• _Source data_
- - -
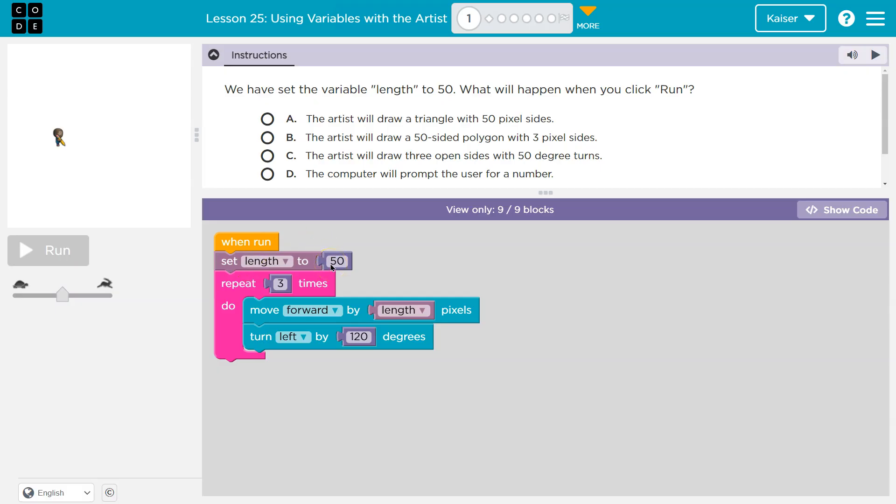Similar in math, we need to maybe say two plus x equals three. Well, what would x equal? If two plus x equals three, x equals one. That's a variable. Length right here is the variable. We're telling it it equals 50.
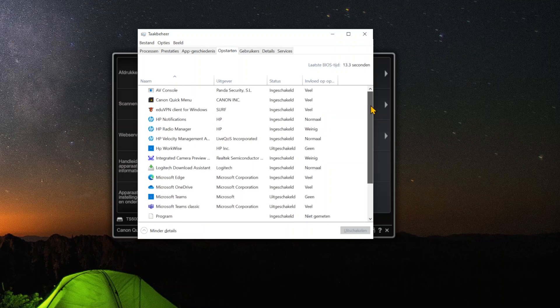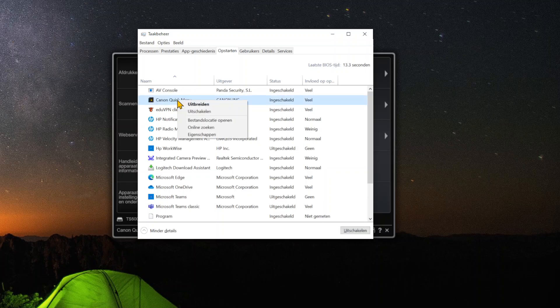In the case you're using a Canon printer utility, you can just go to this specific software and right-click to stop it from automatically starting up when opening your computer.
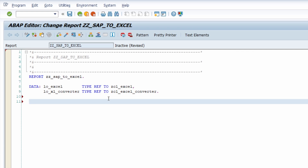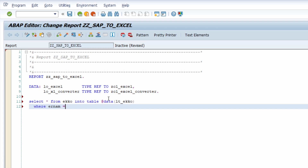Now I would like to select the data to transfer into the Excel file. As a pure demo sample, I want to extract purchase order data from the SAP table EKKO. I use a SELECT statement from table EKKO into an internal table called LT_EKKO, with a WHERE condition filtering by my SAP user as the creator of the purchase order. You can of course select only the columns you want.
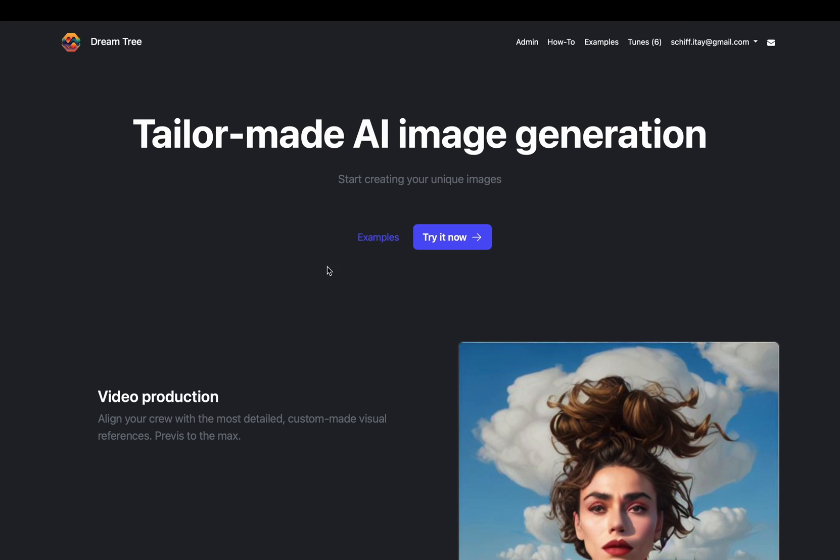Hi everybody, please make sure to check out our example page and our how-to page. It has some important points for the success of your AI image creations.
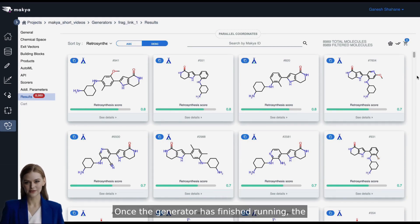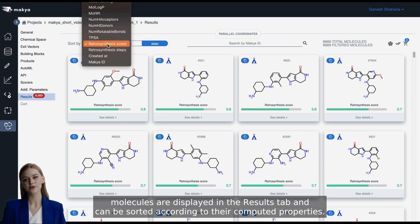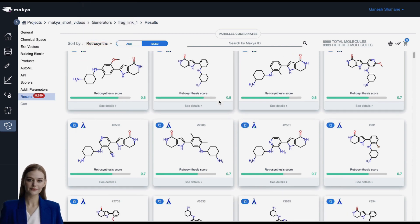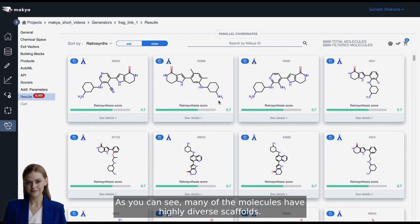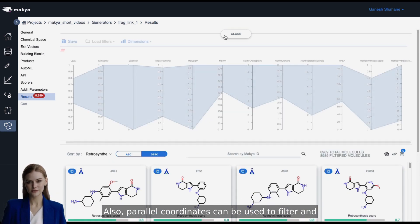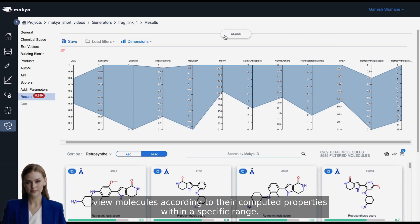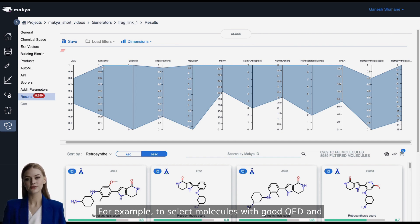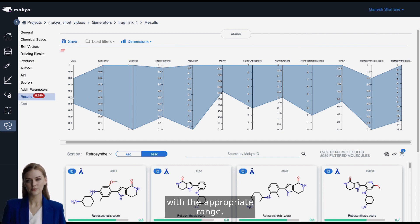Once the generator has finished running, the molecules are displayed in the Results tab and can be sorted according to their computed properties. As you can see, many of the molecules have highly diverse scaffolds. Parallel coordinates can be used to filter and view molecules according to their computed properties within a specific range. For example, to select molecules with good QED and synthetic feasibility, drag the cursor on their scales with the appropriate range.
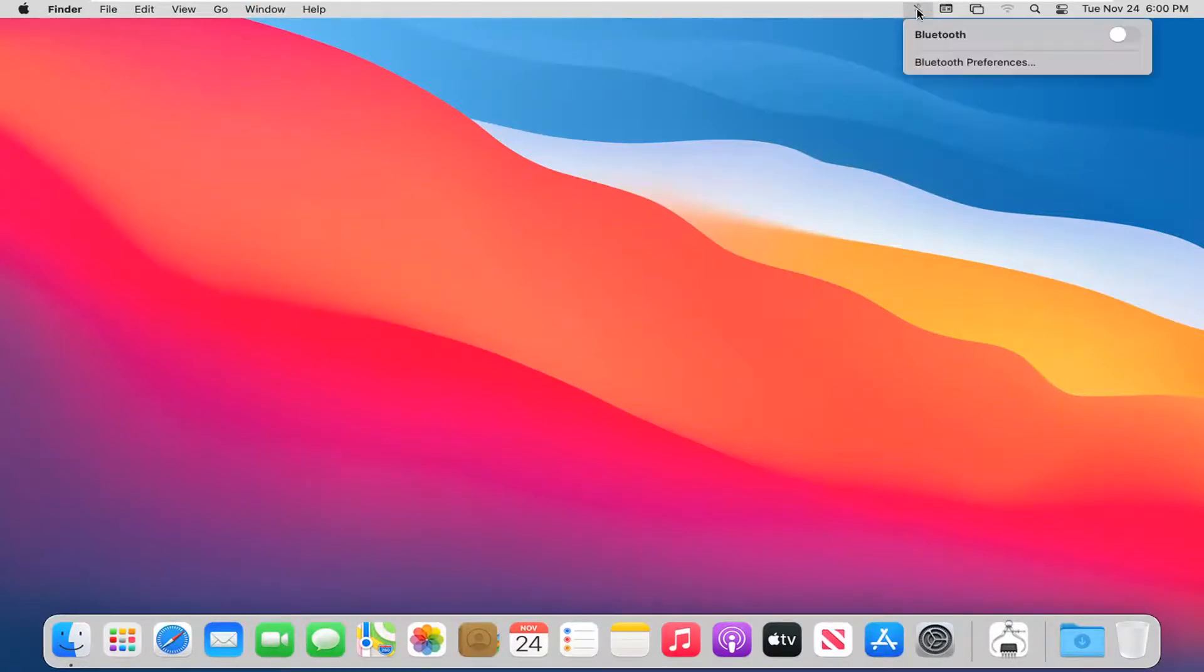Bluetooth is not currently connected, but you can see the button is right here. To turn it on, just toggle it to the on position.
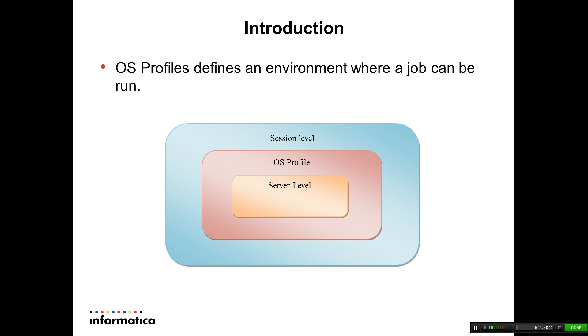When a workflow is scheduled to run, the setting at server level will be overridden by OS Profile configuration. In turn, session level and parameter file level settings override OS Profile configuration.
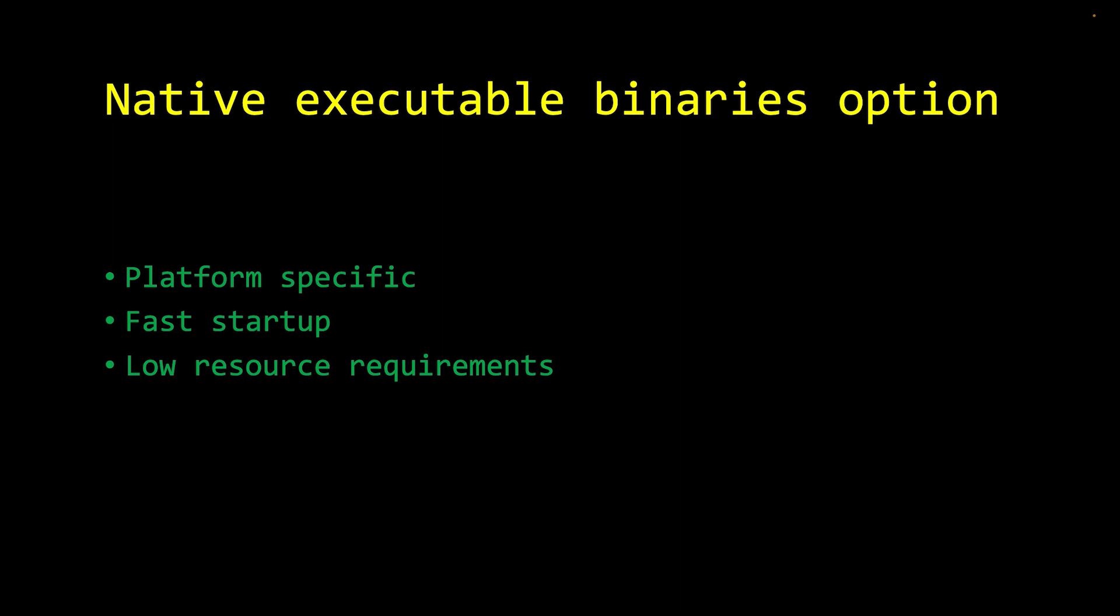There's also a native option. And of course, as you might imagine with a native option that's platform specific, it takes longer to build, but it gives incredibly fast startup times. With very low resource requirements, it gives you another way to deploy Java applications depending on your specific use case.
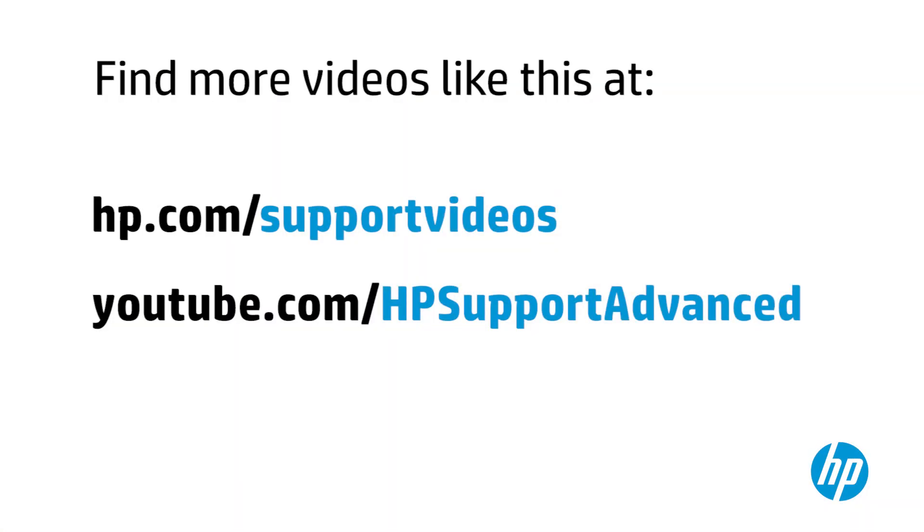You can find additional helpful videos at hp.com/support/videos and on our YouTube channel.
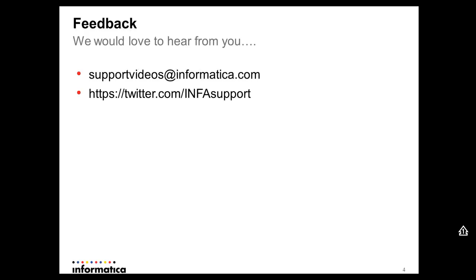We would love to hear from you. Please get in touch by supportvideos at informatica.com or by Twitter for support. Thank you.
- - -
• _WORK ORDER_
Reproduce only the lines from the first line of the entries through the line containing "Hi everybody, please", exactly and with both ends kept. Omit the pictures.

• _EXERCISE RESPONSE_
Similar in math, we need to maybe say two plus x equals three. Well, what would x equal? If two plus x equals three, x equals one. That's a variable. Length right here is the variable. We're telling it it equals 50.
In the case you're using a Canon printer utility, you can just go to this specific software and right-click to stop it from automatically starting up when opening your computer.
Now I would like to select the data to transfer into the Excel file. As a pure demo sample, I want to extract purchase order data from the SAP table EKKO. I use a SELECT statement from table EKKO into an internal table called LT_EKKO, with a WHERE condition filtering by my SAP user as the creator of the purchase order. You can of course select only the columns you want.
Hi everybody, please make sure to check out our example page and our how-to page. It has some important points for the success of your AI image creations.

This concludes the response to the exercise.